Here is the BBC transcript of the salient points of Sunday’s speech: “Almost a year on from the referendum we can detect three potentially fatal flaws in the Conservative government’s approach to Scotland and the Union.

“The most immediate is the refusal to grant the Scottish Parliament full top-up powers on welfare as Shadow Scottish Secretary Ian Murray has demanded, in defiance of the recommendations of the Smith Commission and the Vow.

“Second, the Conservative policy of English votes for English laws (EVEL) would create two classes of MPs – the majority who vote at all times and the Scots who are excluded from key votes on some issues – making the UK home to the first elected body in the world to treat one of its constituent parts – Scotland – as ‘half in, half out’ of its law-making process.”

Brown said the third flaw was the readiness of the Conservatives “to turn on the tap of English nationalism.”

Reuters quoted Brown as saying at the same event that this Tory approach puts the Union “in mortal danger”. He added: “As the government of the UK, and as a self-proclaimed Unionist party, they should instead be standing up for British values and institutions that we share in common and which connect us together.”

As an SNP member, I can but welcome the former Prime Minister’s conversion to the ranks of those who distrust the Tories. What a pity he ever left our ranks in the first place.

Now pause and look at what he has said – Scotland is not getting what was promised under the Vow . . . Tory English nationalism is putting the Union in mortal danger . . . English votes for English laws creates two classes of MPs.

Astonishing stuff, not least because that last point is exactly what the SNP has been saying since David Cameron first pronounced for EVEL.

Brown has at least had the intellectual honesty to admit that the Vow has not been fulfilled, and at the same time the great brain has zeroed in on the real threat to the Union – English Tory nationalism.

In this he is also showing consistency of a kind.
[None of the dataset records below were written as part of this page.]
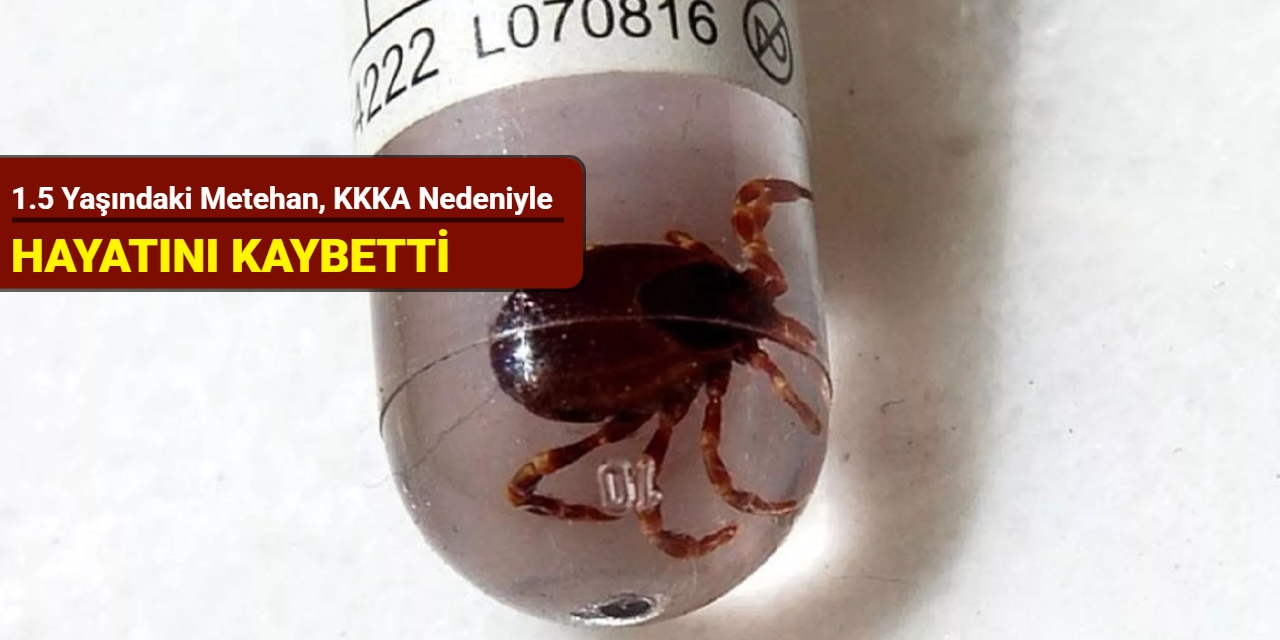 1.5 yaşındaki Metehan, Kırım Kongo Kanamalı Ateşi nedeniyle hayatını kaybetti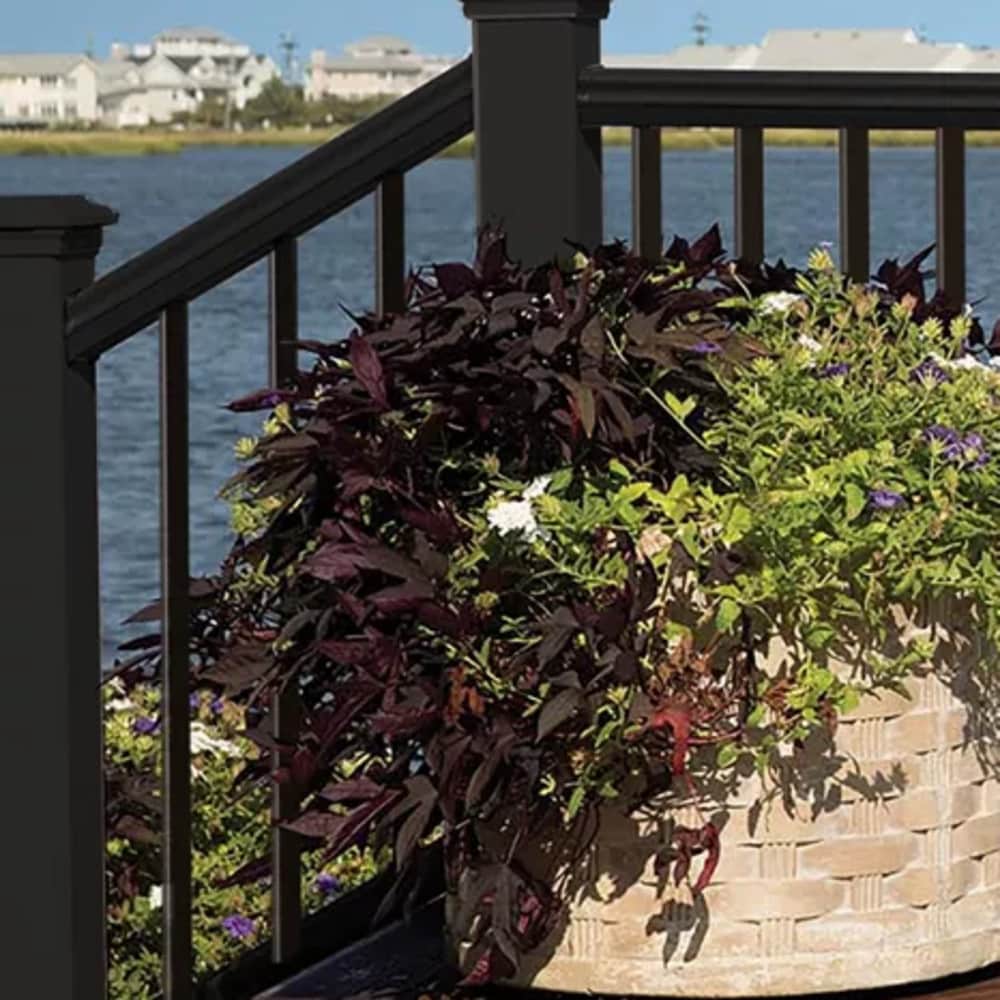 Trex BK0836SRKFS railings - View #5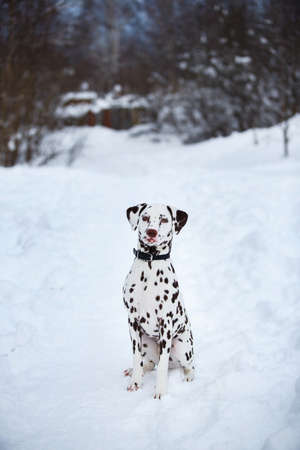Portrait of yong dalmatian dog in winter in snowの写真素材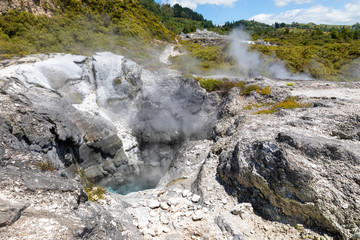 geothermal activity at Whakarewarewa Rotorua New Zealand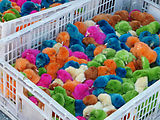 20090225 1131 P3O5A - Guatemala - 1293 - Panajachel - Color Died Live Chicks - For Sale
A year ago Brown said: “What we have built together, by sacrificing and sharing, let no narrow nationalism split asunder ever.” Bet when he said that he never thought it would be English nationalism that would be the real threat.

Brown has finally realised the truth – that he was duped by Cameron and co. I invite all his fans, including the Unionist press in Scotland, to do the same.

My ruck runs out

I also missed a rugby international at Murrayfield for the first time in years, and did Scotland not go and thrash the Italians by a record score.
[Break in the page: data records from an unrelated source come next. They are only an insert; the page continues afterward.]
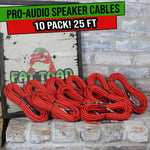 AP3000-25FT-2-PA-Speaker-Cables-10-Pack-Render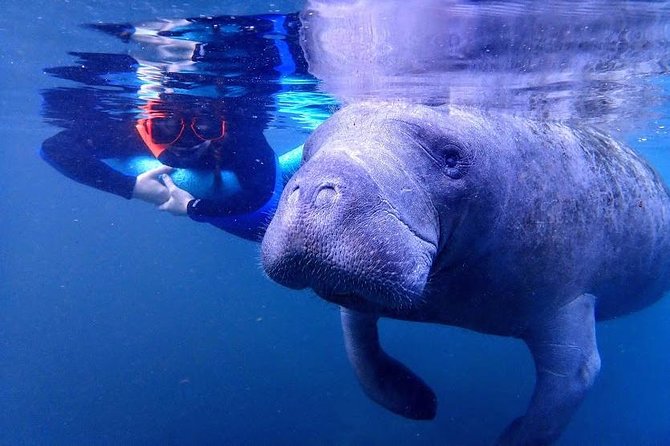 Manatee Swim Tour with In Water Photographer - The photo service and its real value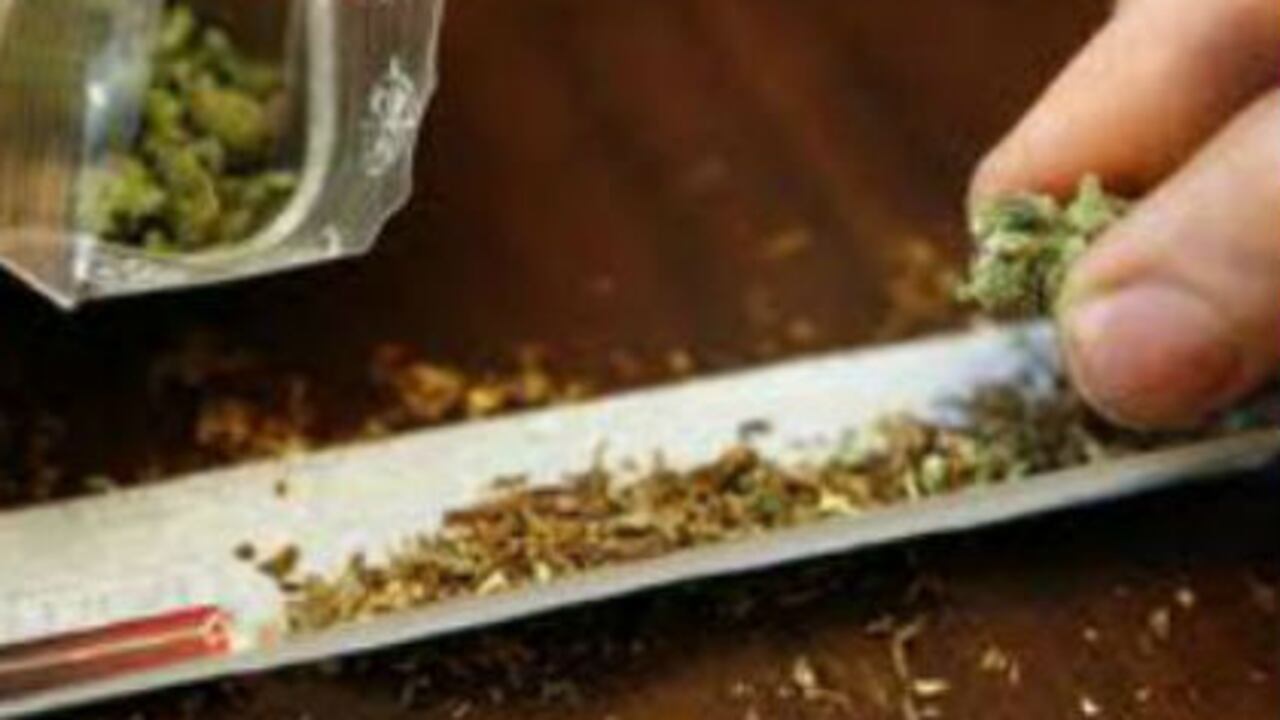 La marihuana es la sustancia ilegal de mayor consumo en Bogotá según un estudio de la Alcaldía.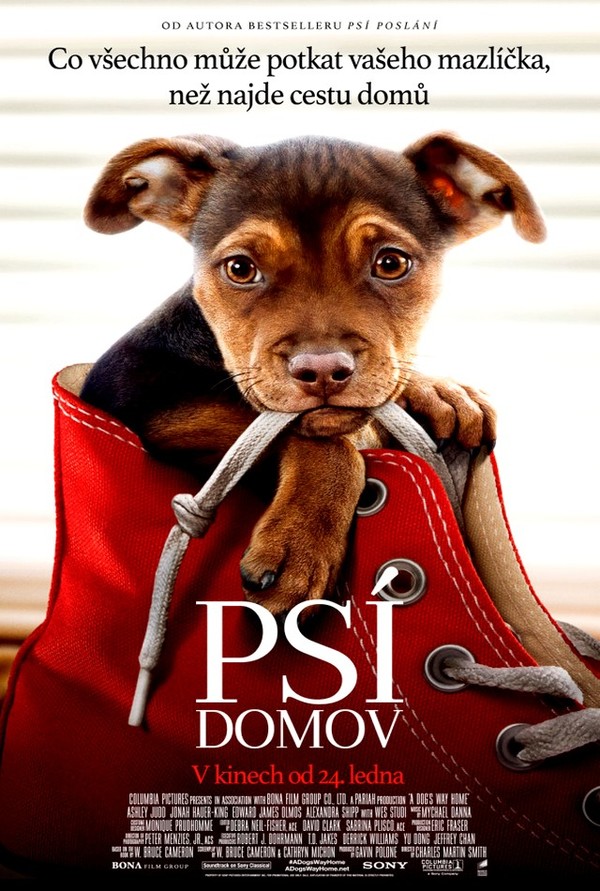 Stiahni si Filmy s titulkama Psí domov / A Dog's Way Home (2019)[WebRip] = CSFD 67%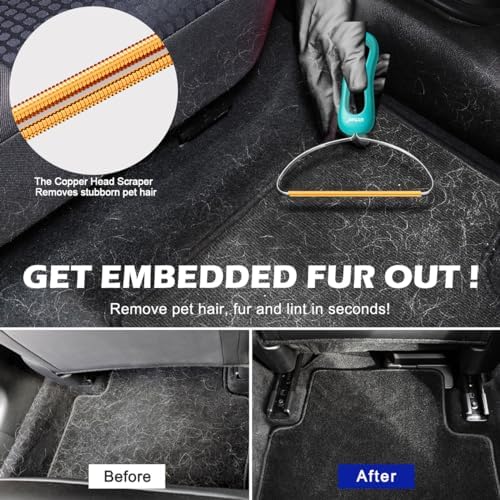 Pet hair removal tool being used on a living room carpet.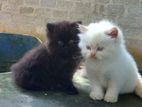 Persian Kittens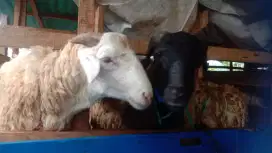 Jual hewan qurban murah terjangkau free ongkir area depok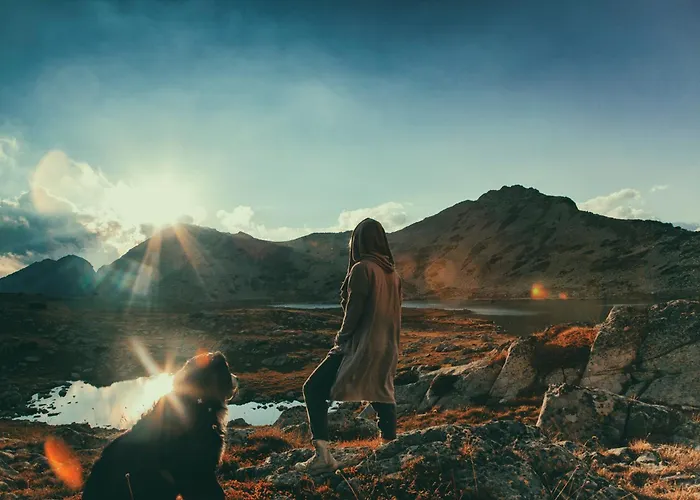 Appartement White сozy A Next To The Gondola Bansko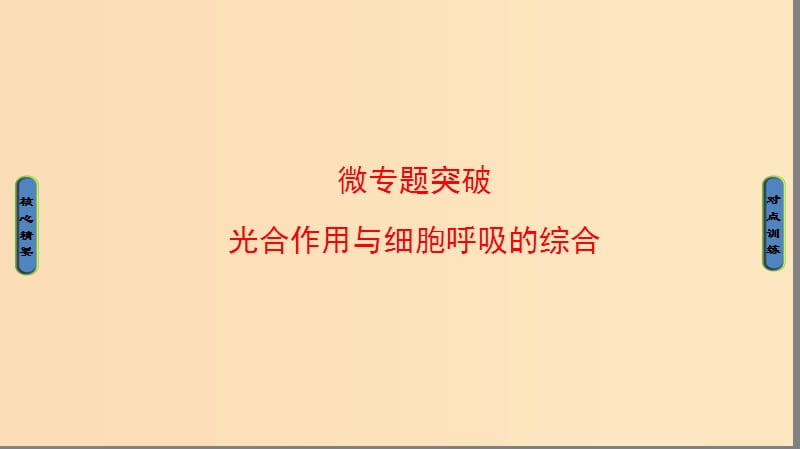 2018版高中生物 第五章 細胞的能量供應和利用 微專題突破課件 新人教版必修1.ppt_第1頁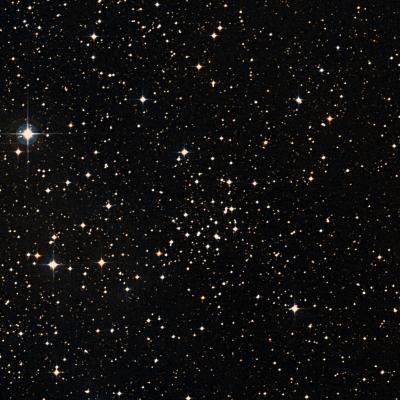 NGC 2311 survey image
Lucky white heather anyone?

I think I’ll turn the page on Facebook

I HAD always resisted joining Facebook and Twitter, not least because no one would indemnify me for the damage caused by the outbursts that I am only too aware I am capable of.

Recently I decided to give Facebook a go again, and promptly fell foul of a hacker who thought it would be fun to promote diets and health stuff under my identity.
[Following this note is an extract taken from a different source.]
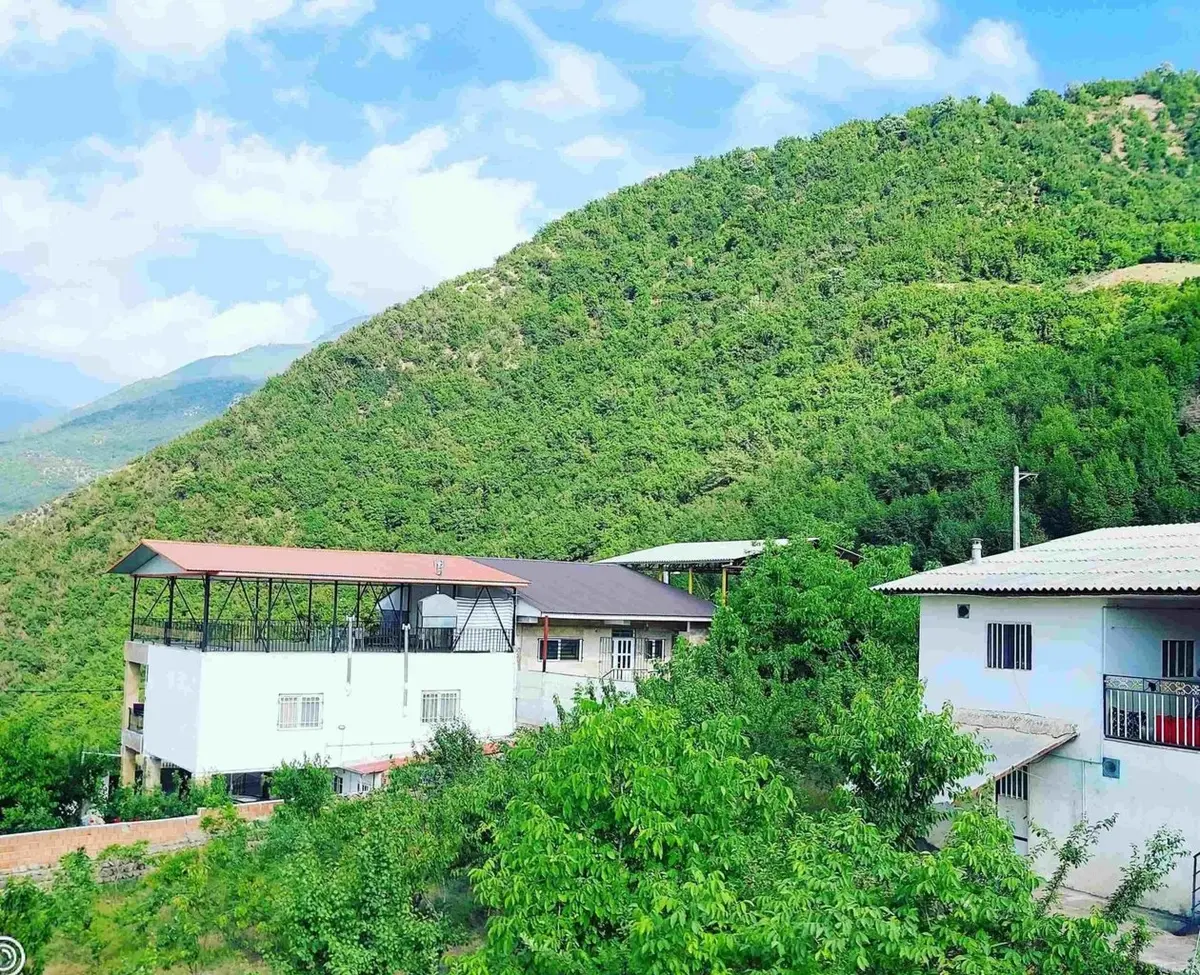 فلت کوهستانی فردوس 1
I am awaiting Facebook’s explanation as to how this privacy invasion could happen. Meanwhile, be assured that I never endorse anything that has failed to work for me, which is why I cannot endorse Facebook at this time.

A vintage year for the Festival

Having been rendered virtually housebound due to a knee replacement at the beginning of the month, I have to confess that for the first time in 30 years, I didn’t make it along to any International Festival event from the spectacular Harmonium Project to last night’s fireworks.

I am told by knowledgeable people, however, that this year’s International Festival has been terrific.

Alistair is well versed in noble art of blunders

I am genuinely pleased that Alistair Darling has been raised to the ranks of the peerage, for the Noble Lord’s elevation is yet more proof of why the whole damned institution should be scrapped.

That Darling has been ennobled clearly as a “thank you” for his role in leading Better Together last year was entirely to be expected – to the victor goes the spoils, as the saying has it.

His presence in the Lords means there will be someone with real expertise among the party donors and Commons’ timeservers who populate the Upper House.

Whenever the Lords need someone to explain how banks fail and why light touch regulation is disastrous, they will just send for Lord Darling.